The pair are also unafraid to bring things rather more up to date as when they play an ever more desperately sparring pair of vote-grabbing politicians in The Debate. There is also some well deployed use of modern technology on display. As an opener we see them being chased by a back projected huge Indiana Jones type boulder and in one of the cleverest pieces, Mr Business, there is liberal and innovative use of a mobile phone and a tablet to enhance the action. My favourite piece was the very funny A Magic Act featuring the pair as a ponytailed hip thrusting conjurer and his “glamorous” pouty assistant who is clearly jealous of his relationship with members of the audience. The piece builds nicely with the magic working well at first but then the act falls apart as it progresses. A stooge from the audience (?) gets cut in half and the rabbit from the top hat has to be given CPR; at the end I went back and replayed this sequence and enjoyed the skill with which it is put together even more. Cowboy Cinema also involves audience participation but goes on for just a bit too long to remain truly funny.

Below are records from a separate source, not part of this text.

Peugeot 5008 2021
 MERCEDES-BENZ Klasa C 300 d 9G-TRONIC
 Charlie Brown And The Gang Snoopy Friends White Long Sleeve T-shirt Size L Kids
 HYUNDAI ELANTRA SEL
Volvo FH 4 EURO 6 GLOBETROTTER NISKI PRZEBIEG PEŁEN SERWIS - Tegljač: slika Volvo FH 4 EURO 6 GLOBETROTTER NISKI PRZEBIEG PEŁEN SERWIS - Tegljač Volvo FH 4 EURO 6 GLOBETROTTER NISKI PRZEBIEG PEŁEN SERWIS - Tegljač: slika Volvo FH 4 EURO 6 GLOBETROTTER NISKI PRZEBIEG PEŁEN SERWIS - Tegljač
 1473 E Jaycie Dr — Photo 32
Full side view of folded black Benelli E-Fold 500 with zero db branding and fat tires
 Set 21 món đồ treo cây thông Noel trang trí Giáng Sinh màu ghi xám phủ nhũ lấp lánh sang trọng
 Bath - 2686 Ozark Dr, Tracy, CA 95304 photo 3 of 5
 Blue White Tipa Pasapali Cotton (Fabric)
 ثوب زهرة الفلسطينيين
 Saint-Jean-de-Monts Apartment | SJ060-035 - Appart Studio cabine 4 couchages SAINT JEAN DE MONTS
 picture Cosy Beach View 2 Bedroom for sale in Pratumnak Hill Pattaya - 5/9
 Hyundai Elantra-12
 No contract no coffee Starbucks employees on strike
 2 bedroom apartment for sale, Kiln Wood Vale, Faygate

In between the sketches there are songs from Shaina Taub and her band which veer mostly towards the sardonic with some witty lyrics and performed in a variety of styles. The quintet also underscores much of the action with percussionists – there are two of them required – being particularly busy with all the drum rolls, paradiddles, cymbal strikes and so on which punctuate the action. How much so can be seen in the accompanying transcript which, having almost no dialogue, consists largely of sound cues:

[ Drumroll ]

[ Drumbeats and cymbals crashing ]

[ Laughter, applause ]

[ Drumroll ]

[ Cymbals crash ]

[ Cymbals crash ]

[ Whistles ]

[ Drumbeats and cymbals crashing ]

….And so on


I wasn’t in the mood for anything heavy yesterday, so this hit the proverbial spot and was also an interesting delve into a theatrical tradition about which I only knew a little. What I discovered is that there is actually quite a lot of similarity between pantomime and vaudeville with both emerging from the same base source, commedia dell’arte. Perhaps our theatrical traditions aren’t so very different after all offering up undemanding and fun entertainment which looks simple enough but actually is highly complex in its construction and performance. So (old) hats off to the executors.